The very minute I had entered the Conservatory Plant Sale with Jane and Jeff, I split from my friends and made a bee-line towards the bromeliad table. After straining my neck and walking briskly around the outside of the horse-shoe table, I finally found what I had come to Capitol Hill for. And better yet, I had seven different pineapple plants to choose from. I took my time examining each one and selected one with the least damaged leaves, although it also contained the smallest and greenest fruit that might not ripen with the upcoming fall skies. Carefully carrying my coveted prize, I weaved in and out of the booths, trying my best not to stab strangers with sharp leaves that jutted out in all directions. If I was ever to become a comic book hero, I realized that this should be my weapon of choice. “Prickly Pineapple, the Piercinating! She’ll stab out your eyes and finish you off with her castration boots!”
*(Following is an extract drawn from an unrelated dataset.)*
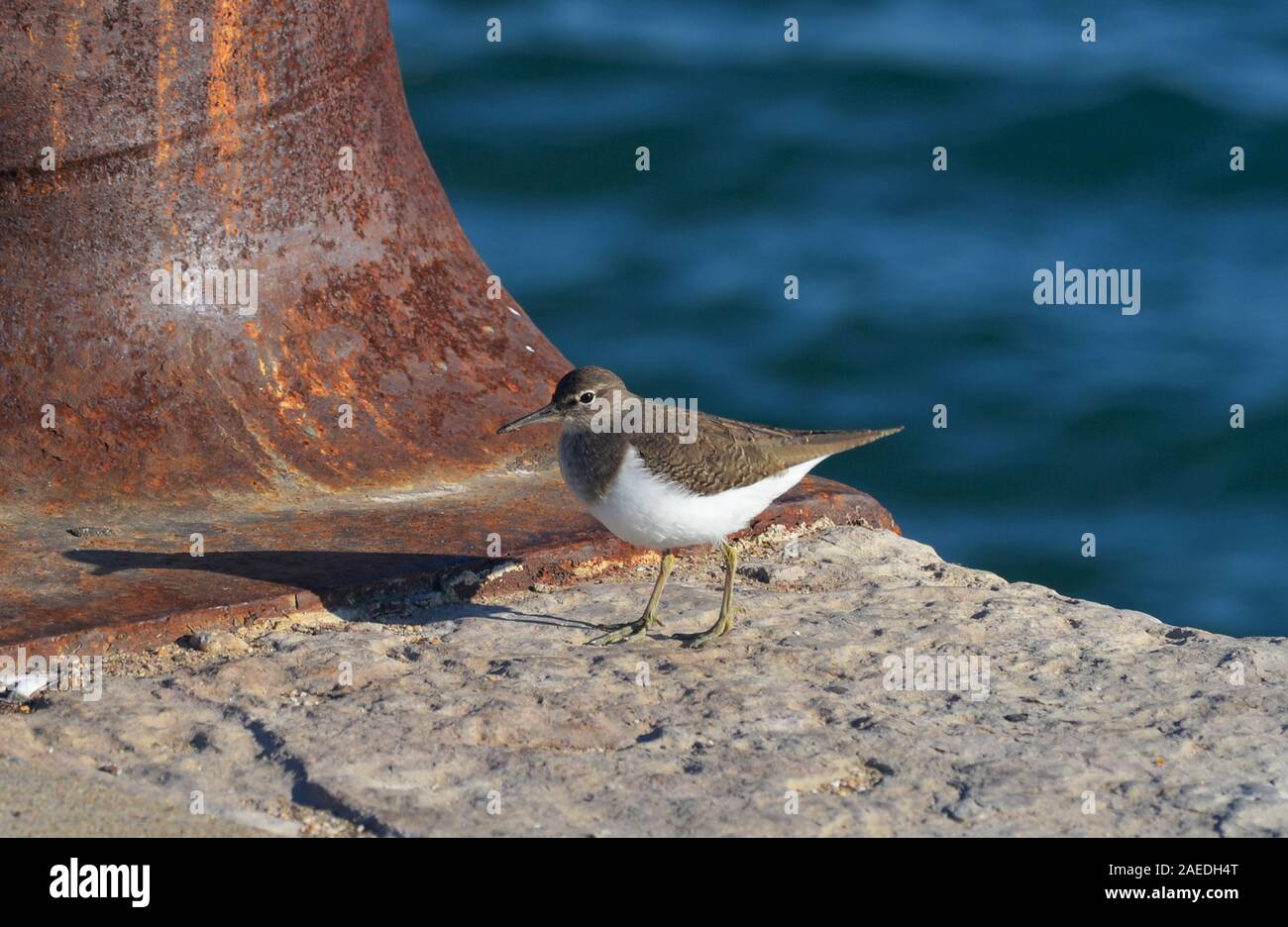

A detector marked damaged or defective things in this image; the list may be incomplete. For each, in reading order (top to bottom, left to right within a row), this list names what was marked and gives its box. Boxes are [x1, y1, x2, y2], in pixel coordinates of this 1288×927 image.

rusty metal bollard [0, 1, 891, 651]
flaking rust [0, 0, 896, 657]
After browsing through the booths over and over again, randomly running into my friends who were experiencing the same overwhelming feeling of “plant overload”, I finally managed to tear myself away from the drainage of money and make my way towards the exit and pay booth. As I crossed the small taped off section of lawn, fellow plant lovers who had previously expressed annoyance at being stabbed by my weapon suddenly turned into admirers of the small fruit proudly protruding from an otherwise unremarkable plant. What soon followed was the chaos otherwise known as the “gotta have it” phenomena compulsive buyers suffer from.

“Oh wow! A pineapple! Where’d you get that?”

“A pineapple! Where are they?!?”

“Where did you get that pineapple plant?”

“The bromeliads,” I said, no longer feeling overwhelmed by the selection of plants but rather by the demanding voices that came from all directions.

“Excuse me, miss. Can I have your price tags?” a volunteer, who had seemingly appeared from the air besides me, asked politely. Confused from the immediate flood of attention, I looked blankly at the short brown-haired man who was already trying to pull the plants out of my hand and grab their price tags.

“Hey, how much is that pineapple and where’d you get it?”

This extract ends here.